→ Required action
Please report, as a bare number, how many lines below include the string "Print".

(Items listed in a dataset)
-------------------------
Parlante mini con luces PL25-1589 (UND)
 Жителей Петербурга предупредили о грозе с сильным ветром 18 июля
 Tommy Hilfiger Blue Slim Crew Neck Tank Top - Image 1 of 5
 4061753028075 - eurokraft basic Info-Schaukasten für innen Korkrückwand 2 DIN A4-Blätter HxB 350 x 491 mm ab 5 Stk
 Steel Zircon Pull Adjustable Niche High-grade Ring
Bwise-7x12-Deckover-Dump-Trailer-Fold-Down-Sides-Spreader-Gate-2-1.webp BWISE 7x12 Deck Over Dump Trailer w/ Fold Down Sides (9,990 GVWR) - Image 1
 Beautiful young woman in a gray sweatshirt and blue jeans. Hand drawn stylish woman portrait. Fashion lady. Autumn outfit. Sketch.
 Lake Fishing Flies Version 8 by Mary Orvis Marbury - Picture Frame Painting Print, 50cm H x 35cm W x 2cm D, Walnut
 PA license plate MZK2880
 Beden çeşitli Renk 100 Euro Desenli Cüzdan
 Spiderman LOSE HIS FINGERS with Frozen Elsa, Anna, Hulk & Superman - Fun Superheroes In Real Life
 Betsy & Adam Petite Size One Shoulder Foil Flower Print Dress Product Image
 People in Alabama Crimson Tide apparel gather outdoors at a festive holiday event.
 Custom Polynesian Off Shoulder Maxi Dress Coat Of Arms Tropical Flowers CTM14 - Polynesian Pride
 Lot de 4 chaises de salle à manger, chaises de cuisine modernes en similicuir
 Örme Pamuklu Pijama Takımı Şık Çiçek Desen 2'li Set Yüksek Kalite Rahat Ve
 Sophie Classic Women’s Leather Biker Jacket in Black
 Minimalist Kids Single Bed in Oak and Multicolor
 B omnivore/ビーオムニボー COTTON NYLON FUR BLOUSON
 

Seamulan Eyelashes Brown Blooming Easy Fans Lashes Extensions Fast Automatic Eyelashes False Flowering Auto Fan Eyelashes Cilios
-------------------------
→ Answer to this problem
2